When University of Minnesota senior Natalie Cecchini needed a ride home after a recent evening class, she used an app on her smartphone to hail a new ride service called Lyft instead of a traditional taxi. In fewer than five minutes, one of the California-based company’s independent contractors — a guy named Tim, who, like other Lyft drivers, uses his personal vehicle — pulled up with the signature magenta Lyft mustache affixed to his Honda’s grille.
Cecchini was so pleased with the experience that she started an online petition that essentially urges the city of Minneapolis to welcome so-called “ride sharing” companies like Lyft with open arms. So far, more than 2,400 have signed on.
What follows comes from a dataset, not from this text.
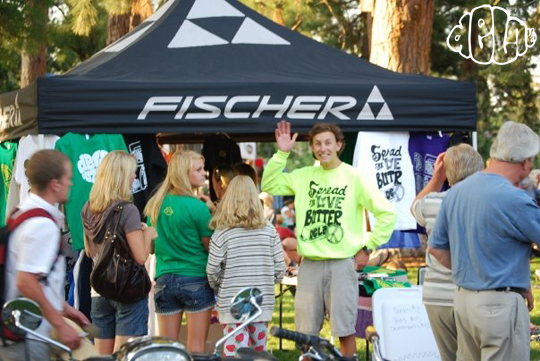 Dela Clothing Booth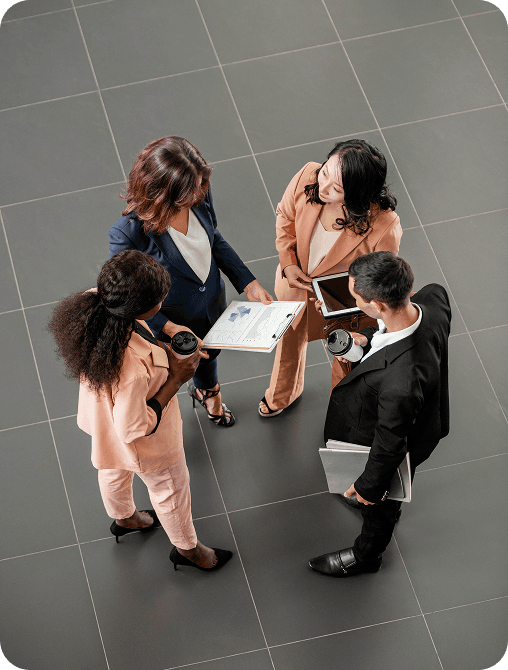 Equipo colaborando en espacio corporativo visto desde arriba.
City of Minneapolis leaders, however, deserve praise for taking a more cautious view and asking hard questions about how Lyft and services like it should be regulated. Clearly, they provide healthy competition to traditional cab companies, but unequal regulations and costs shouldn’t unfairly tilt the playing field.
City officials also have to ensure that the services deliver rides without compromising public safety — a concern for those who catch a lift from Lyft, those who drive for the company and the rest of us who share the road with the mustachioed vehicles.
Cab companies, drivers and vehicles in Minneapolis have long been licensed (the annual fee is $475), and the vehicles are subject to inspection for safety reasons. The companies also carry costly commercial insurance.
Lyft’s business model, in contrast, relies not only on lower-cost self-regulation, but on shifting financial risk to independent drivers who are not Lyft employees and may not carry adequate car insurance.
A company spokeswoman emphasized this week that Lyft does its own driver background checks and vehicle inspections. But she also said the for-profit firm has evolved beyond dated taxi regulations, with a key though dubious reason being that it is a “ride share” service since fees are considered “donations.”
The company, which takes a cut of the “donations,” hasn’t applied for taxi licensing in Minneapolis, and it doesn’t sound like it intends to. (Lyft and another service called UberX are operating legally in St. Paul.)
The lengthy Lyft user agreement makes it clear that a driver’s personal car insurance policy is the primary avenue to recover costs from accidents and injuries. But “most standard personal auto policies contain exclusions for livery — which essentially means driving for hire,’’ according to the California Department of Insurance, which has issued a warning about coverage gaps in Lyft drivers’ personal insurance.
Minnesota Department of Commerce officials said Tuesday that the “livery” exception in personal policies is standard operating procedure across the nation, meaning the same gaps may exist for Minnesota Lyft drivers. Consumer protection measures specific to Minnesota may make it easier to recover costs associated with an accident, however.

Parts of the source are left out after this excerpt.